AIM OF THE TASK> Set down exactly, from the records below, the line with "Técnico do Corinthians" through the line with "In pictures: Only", and nothing else.

[Crawled caption data]
◇ ◇ ◇
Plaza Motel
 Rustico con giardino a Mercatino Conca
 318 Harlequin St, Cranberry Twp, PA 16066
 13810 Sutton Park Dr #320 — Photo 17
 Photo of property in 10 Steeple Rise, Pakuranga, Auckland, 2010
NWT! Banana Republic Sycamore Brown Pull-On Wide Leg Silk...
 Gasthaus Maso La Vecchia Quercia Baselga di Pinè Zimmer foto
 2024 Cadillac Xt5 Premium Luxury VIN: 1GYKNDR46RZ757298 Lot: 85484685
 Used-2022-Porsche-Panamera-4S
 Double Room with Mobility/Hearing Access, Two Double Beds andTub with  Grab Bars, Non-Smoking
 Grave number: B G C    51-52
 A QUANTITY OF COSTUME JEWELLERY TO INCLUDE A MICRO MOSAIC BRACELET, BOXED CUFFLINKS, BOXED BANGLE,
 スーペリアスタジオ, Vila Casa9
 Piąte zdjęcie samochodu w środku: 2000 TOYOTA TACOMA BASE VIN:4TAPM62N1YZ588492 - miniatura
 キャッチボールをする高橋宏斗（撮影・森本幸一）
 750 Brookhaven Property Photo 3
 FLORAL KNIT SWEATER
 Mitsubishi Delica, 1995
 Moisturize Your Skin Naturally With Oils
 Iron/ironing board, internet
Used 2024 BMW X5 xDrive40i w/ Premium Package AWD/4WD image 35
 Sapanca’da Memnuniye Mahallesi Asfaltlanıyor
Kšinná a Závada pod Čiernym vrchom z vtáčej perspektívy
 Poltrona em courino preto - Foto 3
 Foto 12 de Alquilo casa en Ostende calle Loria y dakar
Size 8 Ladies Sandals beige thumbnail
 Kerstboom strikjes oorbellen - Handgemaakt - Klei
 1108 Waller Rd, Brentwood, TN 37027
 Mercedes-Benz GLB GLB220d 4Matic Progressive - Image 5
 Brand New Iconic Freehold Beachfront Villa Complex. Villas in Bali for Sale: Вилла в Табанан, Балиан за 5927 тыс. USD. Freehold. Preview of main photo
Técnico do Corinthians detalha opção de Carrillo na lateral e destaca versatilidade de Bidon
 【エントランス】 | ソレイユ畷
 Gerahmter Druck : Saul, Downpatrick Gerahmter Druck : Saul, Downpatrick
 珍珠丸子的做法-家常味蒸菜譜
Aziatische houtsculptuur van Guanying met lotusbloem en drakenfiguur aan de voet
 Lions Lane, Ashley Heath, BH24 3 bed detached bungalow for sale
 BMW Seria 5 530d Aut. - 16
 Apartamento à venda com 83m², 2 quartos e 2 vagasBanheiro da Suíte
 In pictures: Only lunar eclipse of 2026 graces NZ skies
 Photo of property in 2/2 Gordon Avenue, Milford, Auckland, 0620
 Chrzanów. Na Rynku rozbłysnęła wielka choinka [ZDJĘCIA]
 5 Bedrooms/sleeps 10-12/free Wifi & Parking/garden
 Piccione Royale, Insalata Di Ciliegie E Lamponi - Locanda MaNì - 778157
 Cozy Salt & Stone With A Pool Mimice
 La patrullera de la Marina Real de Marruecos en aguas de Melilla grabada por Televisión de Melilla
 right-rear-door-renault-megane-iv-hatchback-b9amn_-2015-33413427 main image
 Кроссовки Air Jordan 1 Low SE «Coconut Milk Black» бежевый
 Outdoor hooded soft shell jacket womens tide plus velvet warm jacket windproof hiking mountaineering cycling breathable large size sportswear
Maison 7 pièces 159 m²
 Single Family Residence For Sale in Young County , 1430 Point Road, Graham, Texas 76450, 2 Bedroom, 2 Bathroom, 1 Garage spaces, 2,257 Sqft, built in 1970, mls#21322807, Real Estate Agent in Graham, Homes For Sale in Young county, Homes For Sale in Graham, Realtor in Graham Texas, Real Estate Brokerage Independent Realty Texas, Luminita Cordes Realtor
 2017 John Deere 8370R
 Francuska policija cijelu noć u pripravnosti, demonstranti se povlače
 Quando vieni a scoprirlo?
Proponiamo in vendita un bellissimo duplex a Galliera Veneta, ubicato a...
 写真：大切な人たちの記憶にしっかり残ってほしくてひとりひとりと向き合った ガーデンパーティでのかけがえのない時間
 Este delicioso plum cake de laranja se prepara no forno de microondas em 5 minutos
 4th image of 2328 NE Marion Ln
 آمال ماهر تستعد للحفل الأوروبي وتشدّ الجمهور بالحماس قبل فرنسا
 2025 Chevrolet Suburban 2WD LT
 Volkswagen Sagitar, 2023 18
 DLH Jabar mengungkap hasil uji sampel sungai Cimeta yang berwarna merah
◇ ◇ ◇
EXERCISE RESPONSE>
Técnico do Corinthians detalha opção de Carrillo na lateral e destaca versatilidade de Bidon
 【エントランス】 | ソレイユ畷
 Gerahmter Druck : Saul, Downpatrick Gerahmter Druck : Saul, Downpatrick
 珍珠丸子的做法-家常味蒸菜譜
Aziatische houtsculptuur van Guanying met lotusbloem en drakenfiguur aan de voet
 Lions Lane, Ashley Heath, BH24 3 bed detached bungalow for sale
 BMW Seria 5 530d Aut. - 16
 Apartamento à venda com 83m², 2 quartos e 2 vagasBanheiro da Suíte
 In pictures: Only lunar eclipse of 2026 graces NZ skies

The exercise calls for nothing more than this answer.